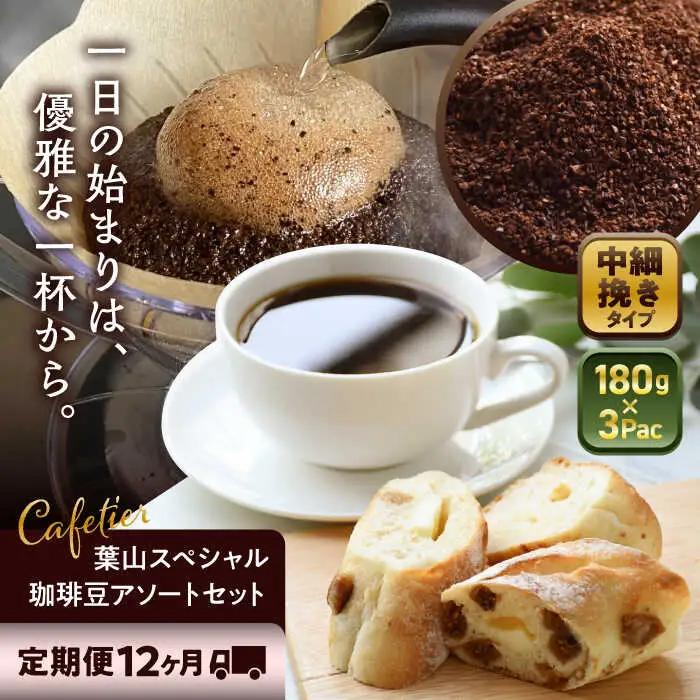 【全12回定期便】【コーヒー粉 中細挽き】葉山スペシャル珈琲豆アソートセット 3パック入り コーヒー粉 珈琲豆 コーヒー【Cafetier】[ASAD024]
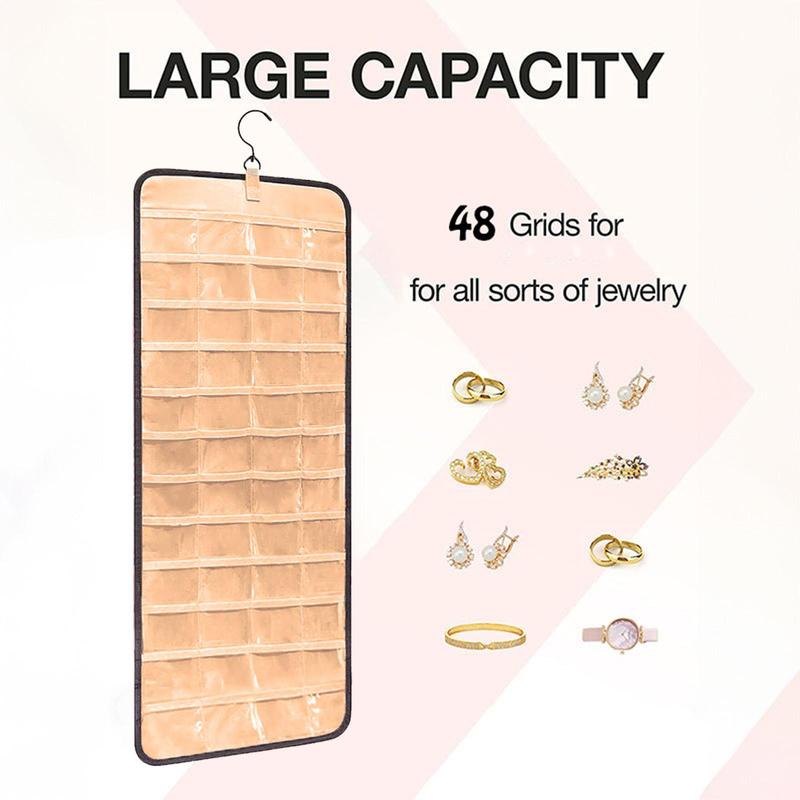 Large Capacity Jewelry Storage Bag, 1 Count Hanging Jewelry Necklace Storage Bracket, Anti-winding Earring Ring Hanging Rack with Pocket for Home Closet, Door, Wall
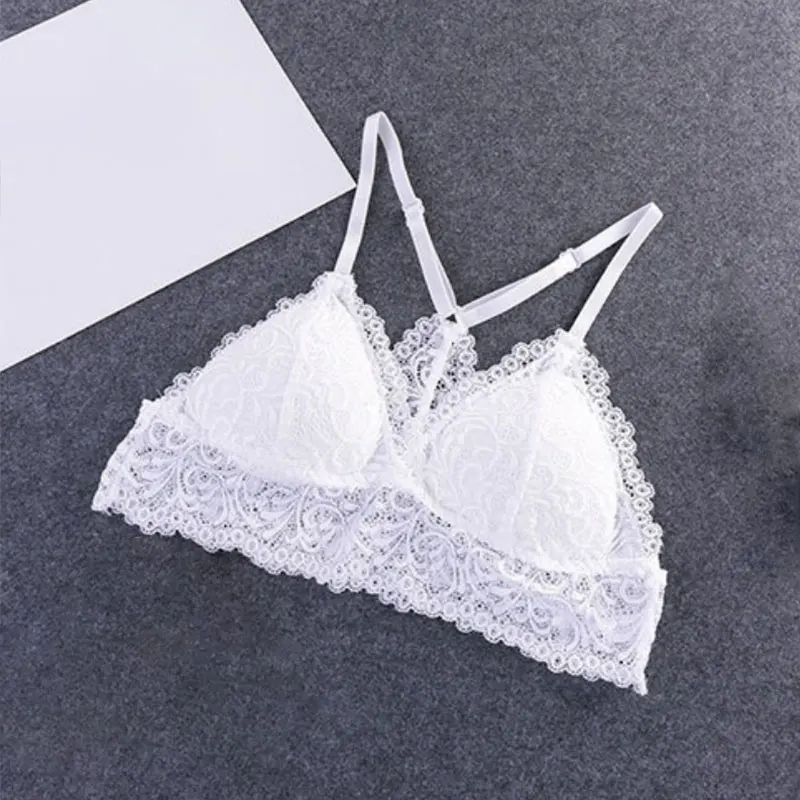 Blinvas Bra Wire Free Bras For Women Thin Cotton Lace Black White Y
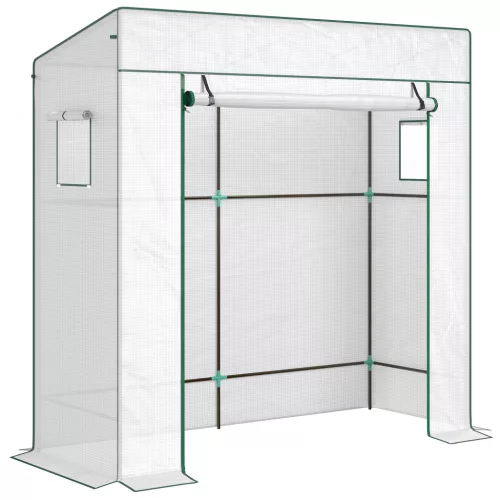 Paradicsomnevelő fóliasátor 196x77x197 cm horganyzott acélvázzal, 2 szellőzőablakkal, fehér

> _INSTRUCTIONS TO FOLLOW_: Make an exact printout of the listing above, omitting the images.

> _RESPONSE TO THE EXERCISE_:
 【全12回定期便】【コーヒー粉 中細挽き】葉山スペシャル珈琲豆アソートセット 3パック入り コーヒー粉 珈琲豆 コーヒー【Cafetier】[ASAD024]
 Large Capacity Jewelry Storage Bag, 1 Count Hanging Jewelry Necklace Storage Bracket, Anti-winding Earring Ring Hanging Rack with Pocket for Home Closet, Door, Wall
 Blinvas Bra Wire Free Bras For Women Thin Cotton Lace Black White Y
 Paradicsomnevelő fóliasátor 196x77x197 cm horganyzott acélvázzal, 2 szellőzőablakkal, fehér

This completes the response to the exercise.